That New Yorker cover, a round up
Jess McCabe // 15 July 2008
So, the New Yorker ran a blindingly offensive cover (see right). It’s meant to be a satire of the racist & sexist bullshit aimed at Barack and Michelle Obama, but as you can see, manages to indulge and replicate that same bullshit in the caricatures.
Reactions from around the blogosphere:
Michelle Obama Watch has a number of responses, including this from Gina:
Well folks here we go again with the “satire.” IE Liberals excuses to engage in racist depictions of Black people because they have a really good point to make.

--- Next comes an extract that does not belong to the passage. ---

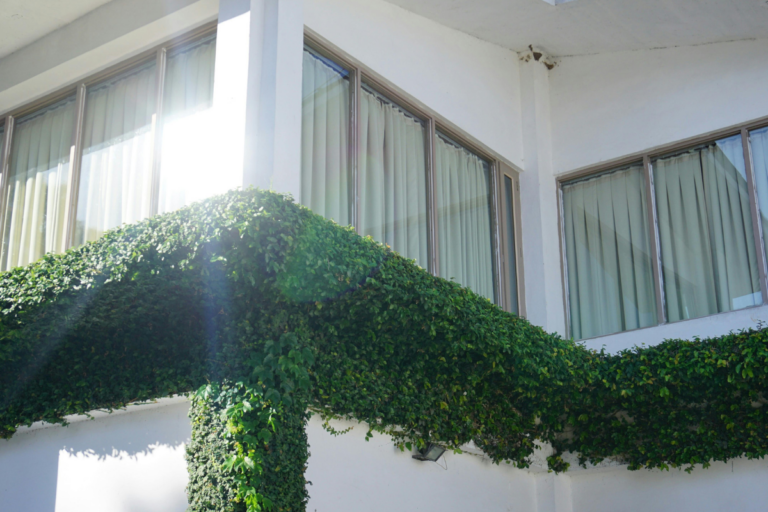 Jardim Vertical A Solução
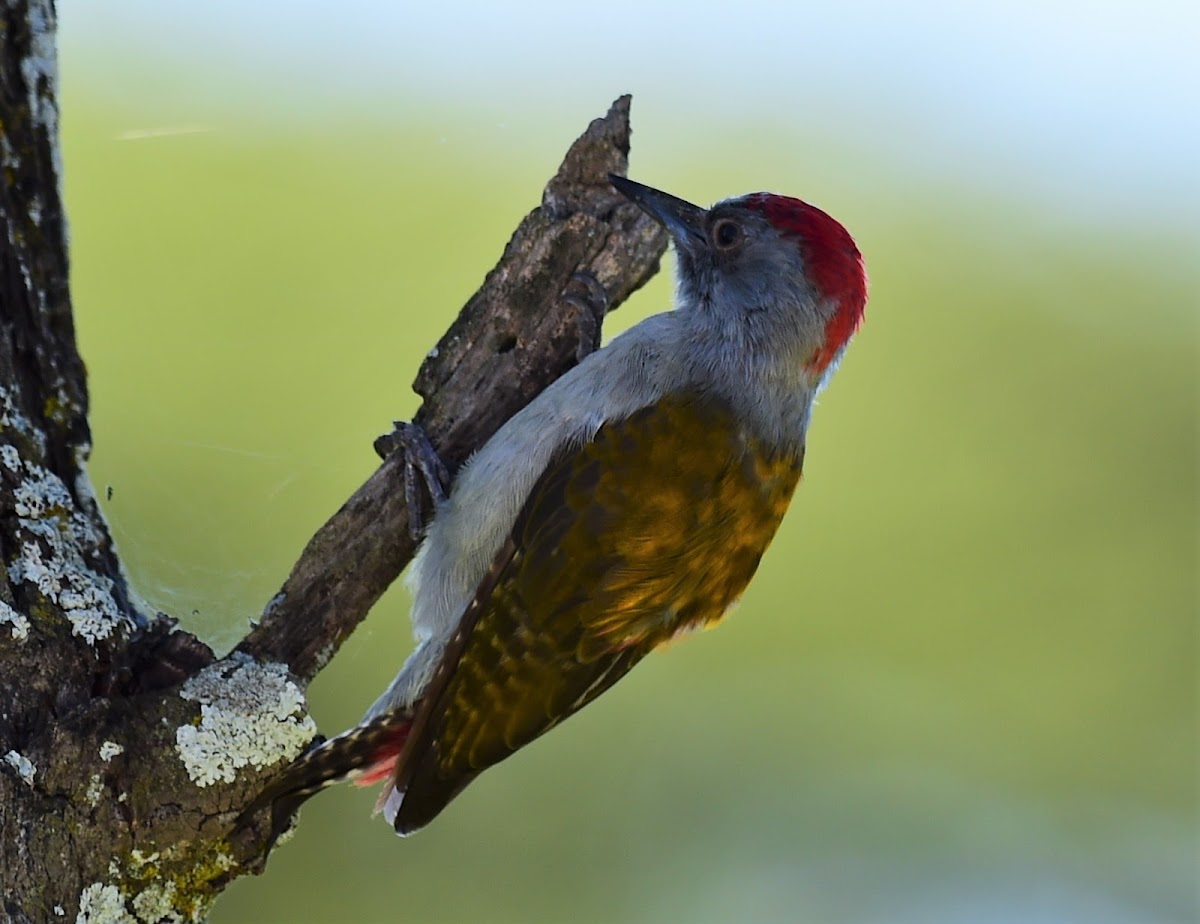 Grey Woodpecker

My current live-in partner, who works at the New Yorker, just couldn’t believe that so many people responded so angrily at the cover at the Daily Kos and other sites. He “wanted to see [my] reaction.” When I emphatically told him that I didn’t find it funny, he said, “You’re so angry.”

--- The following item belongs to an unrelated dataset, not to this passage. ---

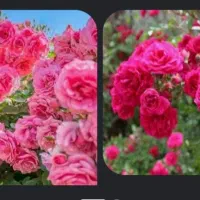 گل سرخ اعلای دشت‌های  همیشه سرسبز روستای  چلگان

“Of course I’m angry. What do you expect? This is my reaction is to your employer doing something so racist.”
“I’m trying to have some fun here.”
Humph, you gotta love hipster racism.
I define hipster racism (I’m borrowing the phrase from Carmen Van Kerckhove) as ideas, speech, and action meant to denigrate another’s person race or ethnicity under the guise of being urbane, witty (meaning “ironic” nowadays), educated, liberal, and/or trendy. This racist and sexist balderdash that’s the New Yorker cover fits squarely into that definition. So, honestly, does the behavior of my partner, who prides himself on coming from a California family of educators who taught him to be colorblind and on working at a magazine renown for being, well, urbane, witty, educated, liberal, and trendy yet likes to view me as the Angry Negress.
Satire isn’t a synonym for “mockery”. It isn’t something that is easy to do right, and it certainly isn’t accomplished by simply rehashing elements that have been used by a group that’s in political opposition to the person doing the satire. It’s not enough to say it’s satire because “everyone” knows the object of mockery is ridiculous, especially when there are plenty of people who obviously don’t.
Feminocracy asks why the ‘angry black woman’ stereotype was called into play:
Could you tell me what the point of Michelle’s curly afro is? How about that flag burning in the fireplace? Please. You can’t have satire without the introduction of the “angry black woman” trope complete with gun and reduced bustlines-remember, black women aren’t really women. They’re too masculine and angry. Good thing no one really believes this sort of thing nowadays, its so good to live in a world where black bodies aren’t subject to ugly stereotypes and we can safely poke fun at the beliefs of racists by drawing images that adhere to their beliefs wait.
Echidne of the Snakes says:
Using exaggerations as a way into sarcasm about the wingnuts is almost impossible, and that should tell you how extreme they are
TransGriot considers the ramifications:
In the context of a racially polarized electorate contemplating putting an African-American in the highest political office in the land for the first time in our country’s history, and the historical course-changing stakes of this election, the cover was irresponsible as well. One of my fears is that this cover has the potential to possibly do damage to the Obama campaign because it comes from a so-called liberal magazine.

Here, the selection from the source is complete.